Para ter acesso a ganhos mais polpudos, que chegam a 120% do CDI, sem alongar muito o prazo, o vice-presidente da gestora Lecca Investimentos, Francisco Carvalho, sugere que o investidor olhe para papéis de bancos de médio e pequeno porte. Mas problemas recentes com instituições como BVA e Cruzeiro do Sul assustam. Por isso Carvalho sugere limitar esse tipo de aplicação a cerca de R$ 60 mil por instituição. Assim, mesmo depois dos rendimentos, será possível contar com a proteção do FGC - de até R$ 70 mil por CPF por instituição financeira. O mesmo vale para Letras de Crédito Imobiliário (LCIs) e Letras de Crédito Agrícola (LCAs), com isenção de IR.

"O investidor tem mania de liquidez diária", afirma Carvalho.
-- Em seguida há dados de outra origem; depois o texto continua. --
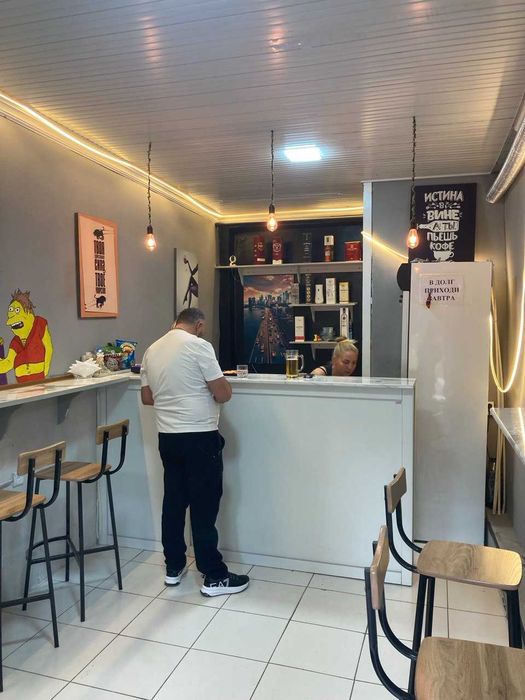 Продаётся готовый бизнес "КАФЕ БАР"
Ele sugere que, mesmo dentro do curto prazo, o aplicador diversifique as opções de resgate. Não é preciso que uma fatia do patrimônio esteja totalmente líquida e a outra alocada no longo prazo. Uma parte dos recursos pode estar disponível para resgate no mesmo dia, outra para 30 dias, outra para até 6 meses - e assim por diante.

"Mesmo investidores com potencial grande, com alguns milhões em conta, ainda têm um fetiche com a caderneta", diz Paulo Bittencourt, diretor técnico da Apogeo Investimentos. Para ele, o brasileiro ainda está orientado ao "monoproduto". Vai demorar pelo menos um ano ainda, estima, para o investidor absorver o estrago que a falta de diversificação fez no patrimônio. "Quando ele fizer as contas do retorno no começo de 2014 é que vai se dar conta."

Para o caixa dos clientes, Bittencourt sugere fundos multimercados juros e moedas sem renda variável. Há prazos para resgate de até um dia, diz, e o retorno, em geral, é melhor do que o do DI. "Já fundos com crédito privado eu não usaria absolutamente para caixa", diz, considerando que uma qualidade de crédito melhor em geral está disponível para prazos de resgate superiores a 30 dias.

Marcelo d"Agosto lembra que há ainda opções no Tesouro Direto com prazos não tão longos e possibilidade de venda todas as quartas-feiras, ainda que haja riscos. No caso da Letra do Tesouro Nacional (LTN), há o risco de alta dos juros básicos, em que a poupança poderia passar a ganhar. Já a Letra Financeira do Tesouro (LFT), como a caderneta, acompanha a Selic.

Alexandre Espírito Santo, economista-chefe da Way Investimentos e professor do Ibmec-RJ, sugere a NTN-B. Há o bônus da proteção contra a inflação, mas também o risco de os juros subirem. "Todos nós vamos precisar correr algum risco se quisermos alguma diferenciação."

A dificuldade de encontrar alternativas à caderneta, porém, revela que o percentual de 70% da Selic escolhido para definir o retorno da poupança ficou alto demais, afirma o matemático José Dutra Sobrinho. "Uma aplicação de segurança quase absoluta e liquidez total deveria ser o produto com menor rentabilidade. É uma clara inversão da lógica das coisas".